"""

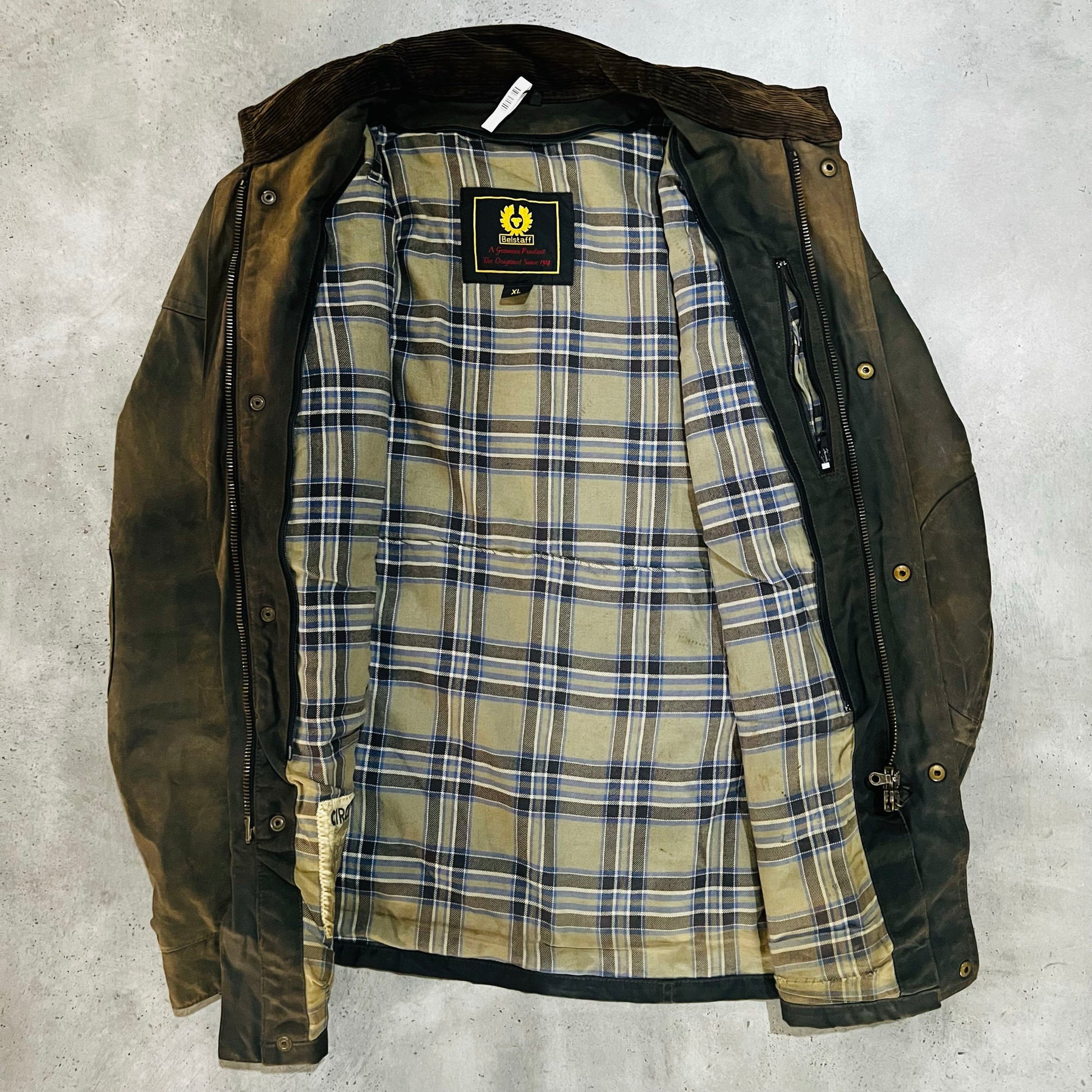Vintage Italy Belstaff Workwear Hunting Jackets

"""
"""

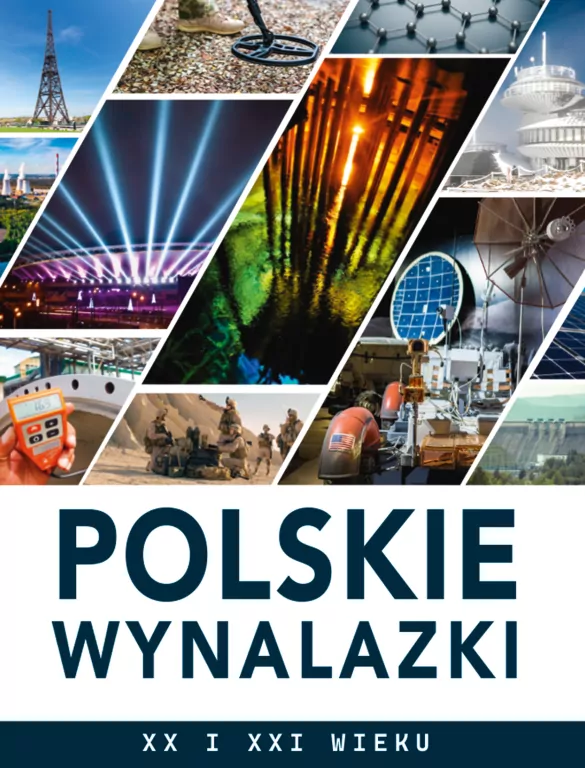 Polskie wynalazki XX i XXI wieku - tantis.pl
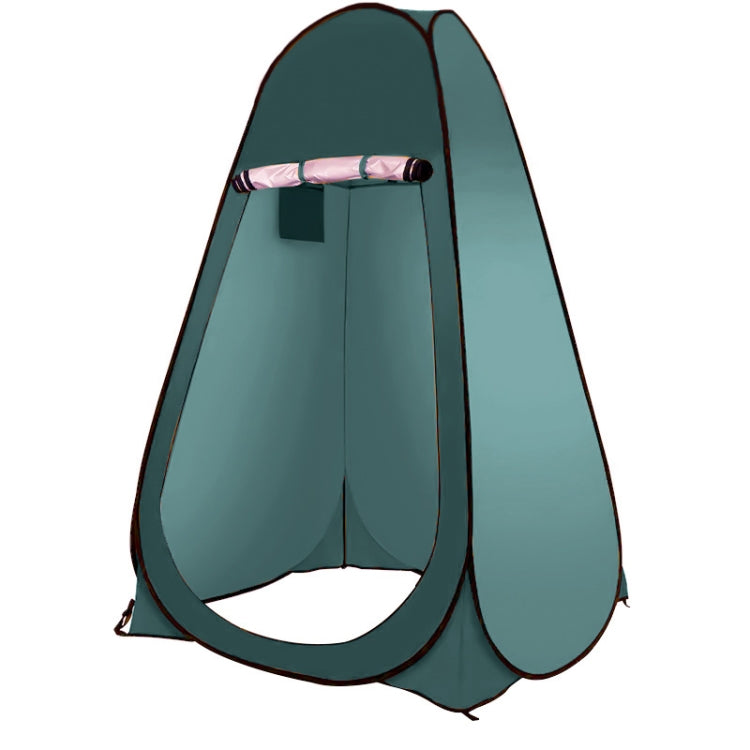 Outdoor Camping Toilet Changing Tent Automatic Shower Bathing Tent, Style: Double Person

"""
"""

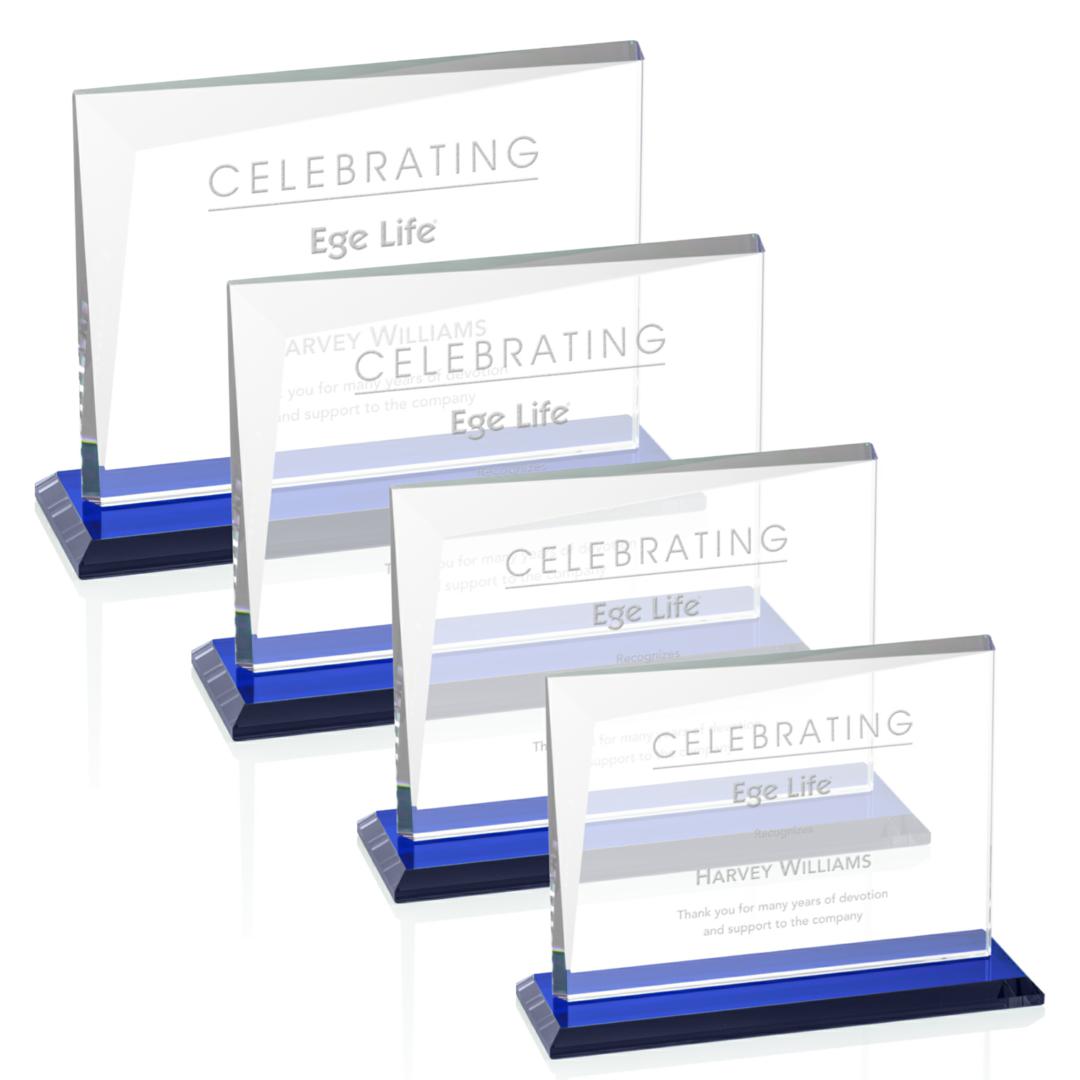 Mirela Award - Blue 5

"""

▶ **Work order**: Look back over the records above. Reproduce exactly everything from the line with "Polskie wynalazki XX i XXI wieku - tantis.pl" down to the line with "Outdoor Camping Toilet", inclusive, and leave the pictures out.

▶ **Task answer**:
 Polskie wynalazki XX i XXI wieku - tantis.pl
 Outdoor Camping Toilet Changing Tent Automatic Shower Bathing Tent, Style: Double Person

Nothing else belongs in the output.